Estoy harto de muchas cosas… Pero si hay algo que últimamente me ataca los nervios es la actitud que, hacia mi, tiene la gente. Es algo que, en verdad, no entiendo y que me pudre la sangre. Todo el mundo sabe lo que me ha pasado: esto es un pueblo y aquí, más o menos, nos conocemos todos y todos sabemos de qué pie cojeamos cada uno. Lo que no entiendo es a qué viene ese halo de lástima que rodea a mi persona cada vez que alguien se cruza conmigo por la calle. Antes, la gente se limitaba a saludarme; ahora no. Ahora todo el mundo me detiene para preguntarme cómo estoy o qué tal lo llevo. ¿Lo llevo! ¡Lo llevo? ¿Llevo el qué? Eso es lo más gracioso de todo… Todo el mundo sabe que Susana se ha ido con Eusebio. La gente, antes de que yo lo descubriera, me lo advertía abiertamente. Ahora, en cambio, Susana es tema “tabú”. Eso sí: “pobre Beto, ¿cómo estás?”, “Beto, ¿qué tal, cómo lo llevas?” e incluso el simpático del tío Paco: “¿qué, Beto, cómo va eso?”. ¡Pues mal! Es evidente que mal… Nunca he sido malpensado, ni mucho menos, pero si la gente trata de ayudarme creo que debería tener un poco más de sesera cuando me hable.

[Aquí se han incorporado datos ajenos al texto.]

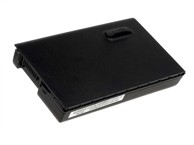 ASUS baterija A8 serija  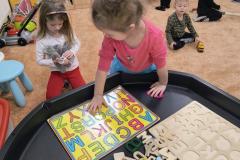 IMG_20260126_075549563_HDR_AE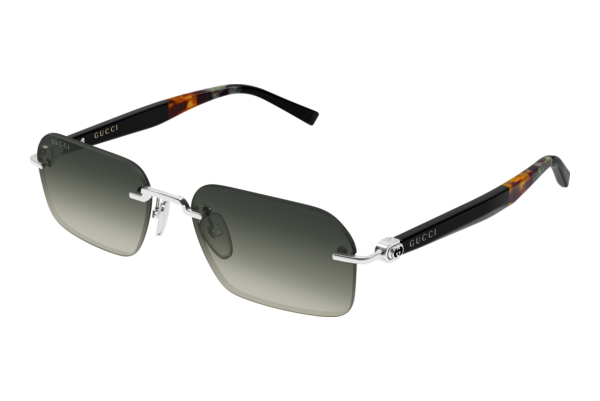 Gucci GG2259S 003 Napszemüveg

Sesera, o quizá sensibilidad, también es la que le ha faltado a mi padre con su regalo: Las Rimas de Bécquer… Y me dijo que me podrían ayudar. ¿En qué estaría pensando? Es cierto que las Rimas es un libro de gran belleza, delicadeza, sensibilidad y que, sobre todo, sabe recoger sentimientos con un gran refinamiento y profundidad; pero, del mismo modo que las Rimas contienen poemas que divinizan el proceso de creación artística e idealizan el amor, asociándolo con la alegría, la ilusión y la esperanza, el libro de las Rimas contiene poemas que reflejan el desengaño y la frustración que puede producir el amor. Ahí se palpa dolor, soledad, amargura, melancolía y cuantos sentimientos perniciosos puede producir el desamor, aparte del deseo de morir… No obstante, confieso que, desde que mi padre me las regaló, en estos días que vivo sumido en la más deprimente y asqueroso rutina no he dejado de leerlas. Me veo fielmente reflejado en muchos de los poemas aquí contenidos… Es más, voy a copiar aquí, en mi cuaderno, uno de los que mejor reflejen mi estado actual. Voy a seleccionarlo y lo voy a copiar:
Hoy como ayer, mañana como hoy
¡y siempre igual!
Un cielo gris, un horizonte eterno
y andar..., andar.
Moviéndose a compás como una estúpida
máquina, el corazón;
la torpe inteligencia del cerebro
dormida en un rincón.
El alma, que ambiciona un paraíso,
buscándole sin fe;
fatiga sin objeto, ola que rueda
ignorando por qué.
Voz que incesante con el mismo tono
canta el mismo cantar;
gota de agua monótona que cae,
y cae sin cesar.
Así van deslizándose los días
unos de otros en pos,
hoy lo mismo que ayer..., y todos ellos
sin goce ni dolor.
¡Ay!, ¡a veces me acuerdo suspirando
del antiguo sufrir...
Amargo es el dolor; ¡pero siquiera
padecer es vivir!
“Amargo es el dolor”, que gran verdad… Los días que van transcurriendo se van deslizando como ahora mismo se deslizan las gotas de lluvia por mi ventana. Y yo, mientras, cada día me siento más vacío. No sé qué voy a hacer… Pero yo así no puedo seguir viviendo. Sé que haber tomado conciencia de ello es un paso tremendamente importante; pero no puedo, como dice el poema, seguir viviendo con el cielo gris y un horizonte eterno… Más aún cuando voy caminando por la vida, sin saber a dónde me dirijo… ¿Para qué seguir caminando, entonces? No sé qué haré, porque no sé para qué voy a seguir viviendo en este estado…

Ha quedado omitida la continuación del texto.